Ellipsoidal Transverse Mercator

The ellipsoidal form of the transverse Mercator projection was developed by Carl Friedrich Gauss in 1825 and further analysed by Johann Heinrich Louis Krüger in 1912. The projection is known by several names: Gauss Conformal or Gauss-Krüger in Europe; the transverse Mercator in the US; or Gauss-Krüger transverse Mercator generally. The projection is conformal with a constant scale on the central meridian. (There are other conformal generalisations of the transverse Mercator from the sphere to the ellipsoid but only Gauss-Krüger has a constant scale on the central meridian.) Throughout the twentieth century the Gauss-Krüger transverse Mercator was adopted, in one form or another, by many nations (and international bodies); in addition it provides the basis for the Universal Transverse Mercator series of projections. The Gauss-Krüger projection is now the most widely used projection in accurate large scale mapping.

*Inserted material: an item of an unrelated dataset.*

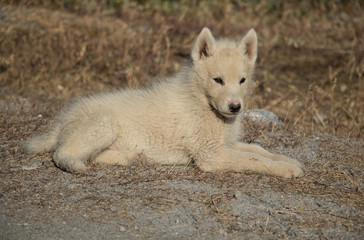 Obraz premium Greenlandic sledge dog puppy in Ilulissat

The projection, as developed by Gauss and Krüger, was expressed in terms of low order power series which were assumed to diverge in the east-west direction, exactly as in the spherical version. This was proved to be untrue by British cartographer E.H. Thompson, whose unpublished exact (closed form) version of the projection, reported by L.P. Lee in 1976, showed that the ellipsoidal projection is finite (below). This is the most striking difference between the spherical and ellipsoidal versions of the transverse Mercator projection: Gauss-Krüger gives a reasonable projection of the whole ellipsoid to the plane, although its principal application is to accurate large scale mapping "close" to the central meridian.